Design & Technology May 12, 2016
Infrastructure as code, the benefits
Infrastructure as Code can bring the management of your infrastructure to the next level and beyond. In this blog article, I will show you why you should apply it and what the benefits are.
When you are working in IT, you have to manage some infrastructure sooner or later. That could be anything from the PC you use for development up to a complete server farm. Traditionally someone manually installs these servers by first installing an OS on it and logging in on the shell and run commands to install the required software. After a while, it happens that you need another server in your environment. This time your colleague is going to install it. There is a big chance that this additional server is a little bit different compared to the one you installed.
Up to a few machines this is manageable, but what when you have to install some additional servers? You can do it manually again, but this is taking time, and you probably have to repeat the same steps for each server, and if you do it with multiple people you start to have more differences between them. So you create a shell script that you can run on each server. This is your first step into Infrastructure as Code.
But your colleagues also need this script, so you share it with them by email, but then someone makes a change and has to share that newer version with the rest. Now you have multiple version of the same script laying around. To solve that problem you can put it in a version control system. That would be your next step to Infrastructure as Code.

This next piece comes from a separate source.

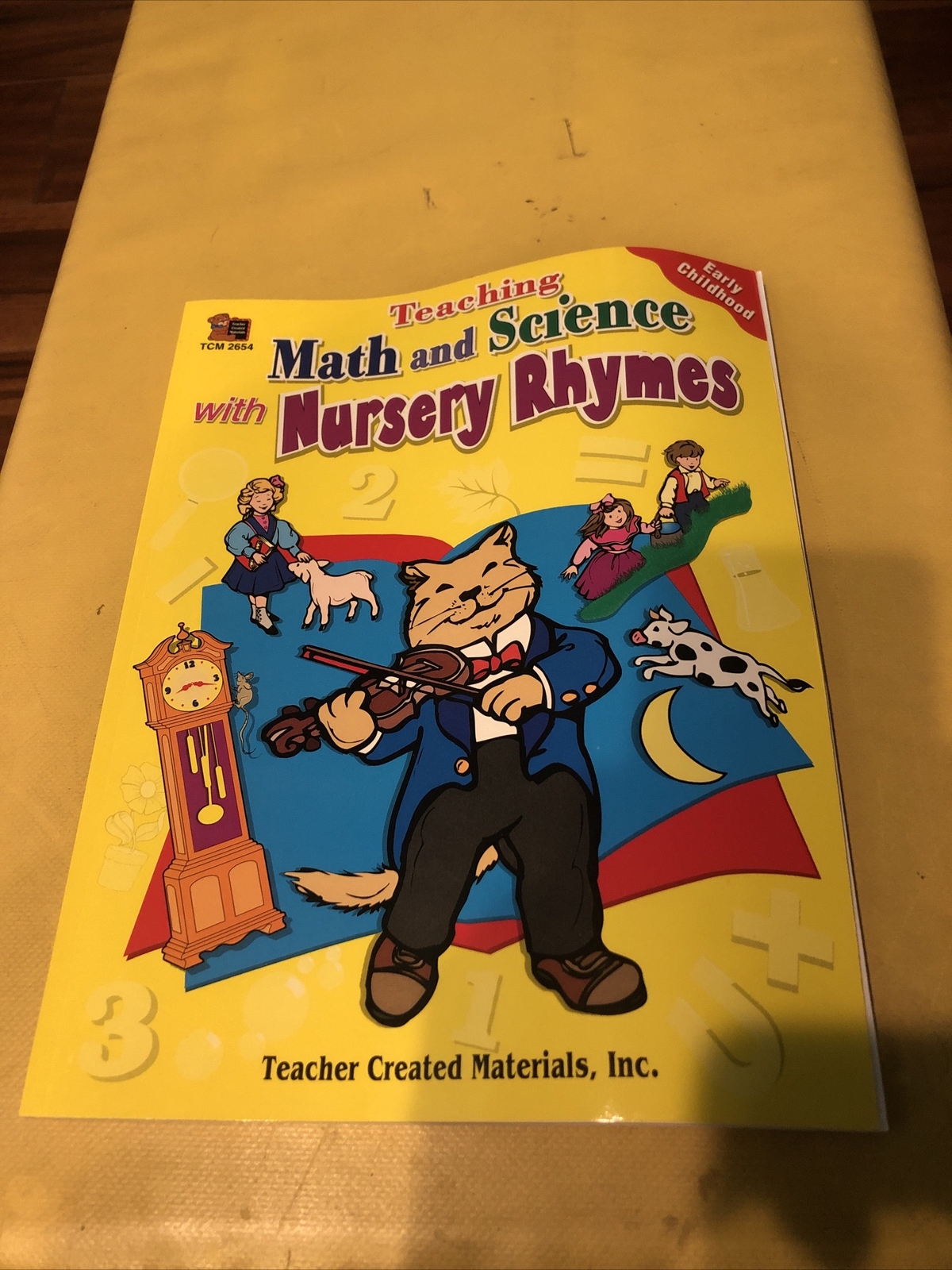 Teaching Math and Science Through Nursery Rhymes by Amy DeCastro (2000, Perfect,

Then you need to add different kind of servers to your environment, and you create an additional script to install those servers. And maybe one set of servers needs different configuration then others. So you need to find a solution for that. Maybe based on the hostname you can add some conditional statements in your scripts. But while your environment grows, this can become a mess. And when your script fails somewhere halfway it is sometimes not possible to re-run the script without cleaning the mess it left when it failed first.
The next step would be to start using a tool that is designed for these kind of tasks. There are several of them out there. The three most well know ones are Puppet, Ansible, and Chef. They all have their pros and cons, so depending on your use case, you should choose one. Once you have one of those tools setup, it becomes a lot easier to manage multiple servers, from a hand full to complete datacenters.
The next step would be to introduce some principles that we know from software development, like Continuous Integration. This way, you can automatically test the changes before you apply them to the actual environments you are managing.
If you do all of these things properly, it becomes a lot easier and less time consuming to manage your infrastructure. Installing a new server becomes a matter of adding it to your Puppet master or Ansible inventory, and assigning the correct role to it. Also, when some server misbehaves the reinstallation becomes a lot less painful then before. You can treat your servers as cattle instead of pets and just tear down and reinstall it.
Infrastructure as Code can give you these benefits:
1: Uniformity. All servers are configured exactly the same, no snowflake servers anymore.
2: Reusability. It becomes very easy to provision a lot of the same servers.
3: Testability. It makes it possible to test your infrastructure changes before applying them to your production environments.
4: Auditable. Because your infrastructure is defined in code, and the code is stored in your version control system, you can see who made which changes to the infrastructure.
5: Idempotency. You can run your provisioning as many times as you want, if there is nothing to do, it will not do anything.
Infrastructure as Code can bring the management of your infrastructure to the next level and beyond.